A role for nitric oxide within the nucleus tractus solitarii in the development of muscle mechanoreflex dysfunction in hypertension

Evidence suggests that the muscle mechanoreflex, a circulatory reflex that raises blood pressure and heart rate (HR) upon activation of mechanically sensitive afferent fibres in skeletal muscle, is overactive in hypertension. However, the mechanisms underlying this abnormal reflex function have yet to be identified. Sensory input from the mechanoreflex is processed within the nucleus tractus solitarii (NTS) in the medulla oblongata. Within the NTS, the enzymatic activity of nitric oxide synthase produces nitric oxide (NO). This centrally derived NO has been shown to modulate muscle reflex activity and serves as a viable candidate for mediating the mechanoreflex dysfunction that develops in hypertension. We hypothesized that mechanoreflex dysfunction in hypertension is mediated by abnormal alterations in NO production in the NTS. Mechanically sensitive afferent fibres were stimulated by passively stretching hindlimb muscle before and after blocking the endogenous production of NO within the NTS via microdialysis of the NO synthase inhibitor l ‐NAME (1 and 5 m m ) in normotensive Wistar–Kyoto rats and spontaneously hypertensive rats (SHRs).
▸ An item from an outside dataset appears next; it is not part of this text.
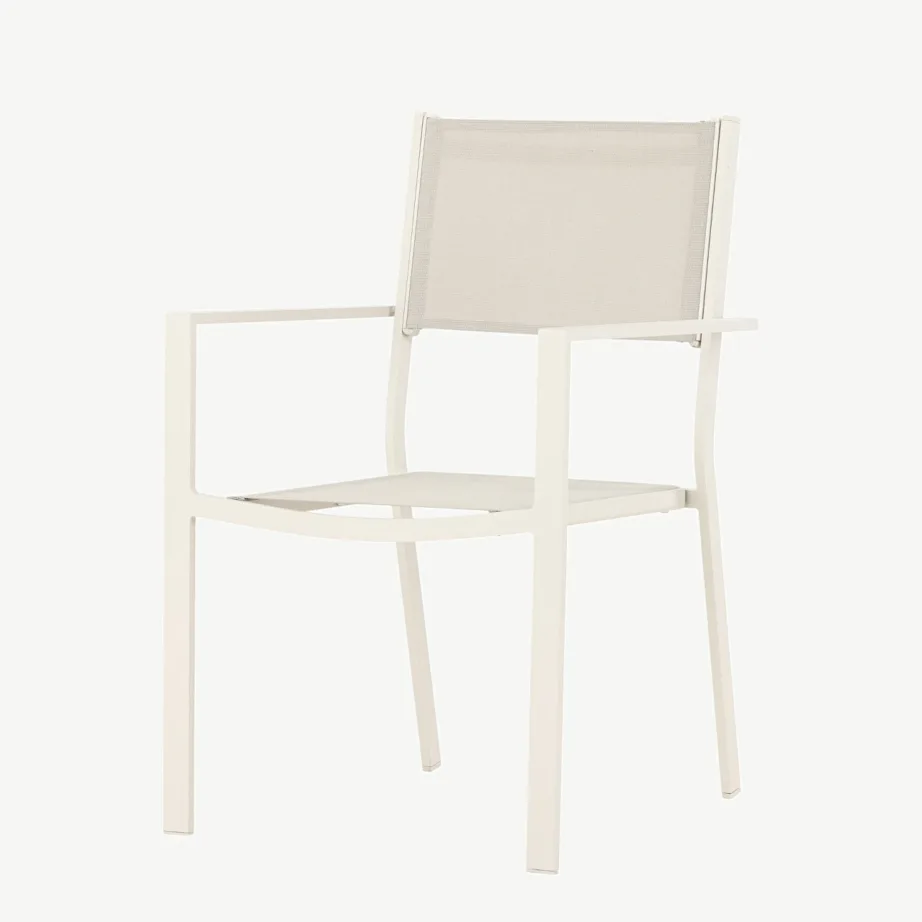 Beež alumiiniumist õuesöögitool Copacabana (textilene iste, virnastatav), 4231-402 – 6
Changes in HR and mean arterial pressure in response to stretch were significantly larger in SHRs compared with Wistar–Kyoto rats prior to l ‐NAME dialysis. Attenuating NO production via l ‐NAME in normotensive rats recapitulated the exaggerated cardiovascular response to stretch observed in SHRs. Dialysing l ‐NAME in SHRs further accentuated the increases in HR and mean arterial pressure elicited by stretch. These findings support the contention that reductions in NO production within the NTS contribute to the generation of abnormal cardiovascular control by the skeletal muscle mechanoreflex in hypertension.